What to work on = Transcribe only the lines between the first line of the records and the line containing "Roger capron rectangular", inclusive, exactly as written.

Data records =
..............................

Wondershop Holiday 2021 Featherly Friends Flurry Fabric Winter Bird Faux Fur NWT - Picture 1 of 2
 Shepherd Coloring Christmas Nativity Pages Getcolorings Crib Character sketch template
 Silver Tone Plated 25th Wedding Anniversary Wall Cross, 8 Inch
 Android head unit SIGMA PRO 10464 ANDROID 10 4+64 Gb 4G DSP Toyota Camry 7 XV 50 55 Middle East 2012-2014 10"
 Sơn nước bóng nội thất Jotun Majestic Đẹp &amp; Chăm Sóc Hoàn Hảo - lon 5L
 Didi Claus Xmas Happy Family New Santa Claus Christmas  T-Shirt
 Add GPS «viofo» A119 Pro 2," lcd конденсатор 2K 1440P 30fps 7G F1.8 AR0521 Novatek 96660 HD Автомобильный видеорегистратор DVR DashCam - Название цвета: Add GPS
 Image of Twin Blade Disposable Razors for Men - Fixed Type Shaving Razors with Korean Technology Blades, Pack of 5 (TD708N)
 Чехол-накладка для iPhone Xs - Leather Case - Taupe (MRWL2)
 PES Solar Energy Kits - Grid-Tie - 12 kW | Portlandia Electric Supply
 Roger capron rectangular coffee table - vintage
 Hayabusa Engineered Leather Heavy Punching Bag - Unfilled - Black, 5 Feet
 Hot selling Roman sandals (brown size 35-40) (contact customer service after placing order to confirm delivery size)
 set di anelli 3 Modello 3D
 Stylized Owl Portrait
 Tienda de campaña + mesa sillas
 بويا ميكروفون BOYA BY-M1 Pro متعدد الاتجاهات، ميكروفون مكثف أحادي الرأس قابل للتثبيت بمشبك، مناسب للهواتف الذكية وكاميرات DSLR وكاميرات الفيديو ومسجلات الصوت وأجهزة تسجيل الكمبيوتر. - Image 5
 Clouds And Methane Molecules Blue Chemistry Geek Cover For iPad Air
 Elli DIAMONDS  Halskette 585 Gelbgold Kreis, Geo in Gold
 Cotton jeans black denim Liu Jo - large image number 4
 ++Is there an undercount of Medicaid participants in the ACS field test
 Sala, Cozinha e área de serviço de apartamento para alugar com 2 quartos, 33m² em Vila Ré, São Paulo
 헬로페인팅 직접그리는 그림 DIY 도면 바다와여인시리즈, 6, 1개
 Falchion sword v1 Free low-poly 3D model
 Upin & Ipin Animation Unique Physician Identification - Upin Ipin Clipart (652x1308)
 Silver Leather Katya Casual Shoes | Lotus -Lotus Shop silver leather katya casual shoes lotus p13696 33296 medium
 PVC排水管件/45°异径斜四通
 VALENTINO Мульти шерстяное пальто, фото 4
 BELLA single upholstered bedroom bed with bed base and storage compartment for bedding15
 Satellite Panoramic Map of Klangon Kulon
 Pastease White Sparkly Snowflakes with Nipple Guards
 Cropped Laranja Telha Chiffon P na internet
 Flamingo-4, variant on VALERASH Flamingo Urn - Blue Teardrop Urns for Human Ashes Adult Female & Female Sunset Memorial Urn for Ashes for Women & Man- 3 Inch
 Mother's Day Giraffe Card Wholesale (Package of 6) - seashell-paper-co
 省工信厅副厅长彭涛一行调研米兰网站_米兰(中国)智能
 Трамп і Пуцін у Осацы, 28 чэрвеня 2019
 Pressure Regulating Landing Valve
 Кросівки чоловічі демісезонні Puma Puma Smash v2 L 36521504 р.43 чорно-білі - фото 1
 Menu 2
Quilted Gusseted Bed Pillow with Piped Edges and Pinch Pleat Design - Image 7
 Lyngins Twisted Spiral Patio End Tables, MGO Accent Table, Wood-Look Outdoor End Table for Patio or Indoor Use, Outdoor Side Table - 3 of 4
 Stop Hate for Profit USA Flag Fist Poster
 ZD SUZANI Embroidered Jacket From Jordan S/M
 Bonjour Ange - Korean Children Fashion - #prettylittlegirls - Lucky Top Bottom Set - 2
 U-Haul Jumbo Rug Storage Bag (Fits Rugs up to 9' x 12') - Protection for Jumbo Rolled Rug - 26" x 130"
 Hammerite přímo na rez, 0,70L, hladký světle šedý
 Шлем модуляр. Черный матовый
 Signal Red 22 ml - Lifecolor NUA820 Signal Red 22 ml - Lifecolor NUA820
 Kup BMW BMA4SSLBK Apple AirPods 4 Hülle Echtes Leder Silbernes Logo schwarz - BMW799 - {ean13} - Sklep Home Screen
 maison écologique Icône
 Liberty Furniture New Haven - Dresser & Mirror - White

..............................

Answer =
Wondershop Holiday 2021 Featherly Friends Flurry Fabric Winter Bird Faux Fur NWT - Picture 1 of 2
 Shepherd Coloring Christmas Nativity Pages Getcolorings Crib Character sketch template
 Silver Tone Plated 25th Wedding Anniversary Wall Cross, 8 Inch
 Android head unit SIGMA PRO 10464 ANDROID 10 4+64 Gb 4G DSP Toyota Camry 7 XV 50 55 Middle East 2012-2014 10"
 Sơn nước bóng nội thất Jotun Majestic Đẹp &amp; Chăm Sóc Hoàn Hảo - lon 5L
 Didi Claus Xmas Happy Family New Santa Claus Christmas  T-Shirt
 Add GPS «viofo» A119 Pro 2," lcd конденсатор 2K 1440P 30fps 7G F1.8 AR0521 Novatek 96660 HD Автомобильный видеорегистратор DVR DashCam - Название цвета: Add GPS
 Image of Twin Blade Disposable Razors for Men - Fixed Type Shaving Razors with Korean Technology Blades, Pack of 5 (TD708N)
 Чехол-накладка для iPhone Xs - Leather Case - Taupe (MRWL2)
 PES Solar Energy Kits - Grid-Tie - 12 kW | Portlandia Electric Supply
 Roger capron rectangular coffee table - vintage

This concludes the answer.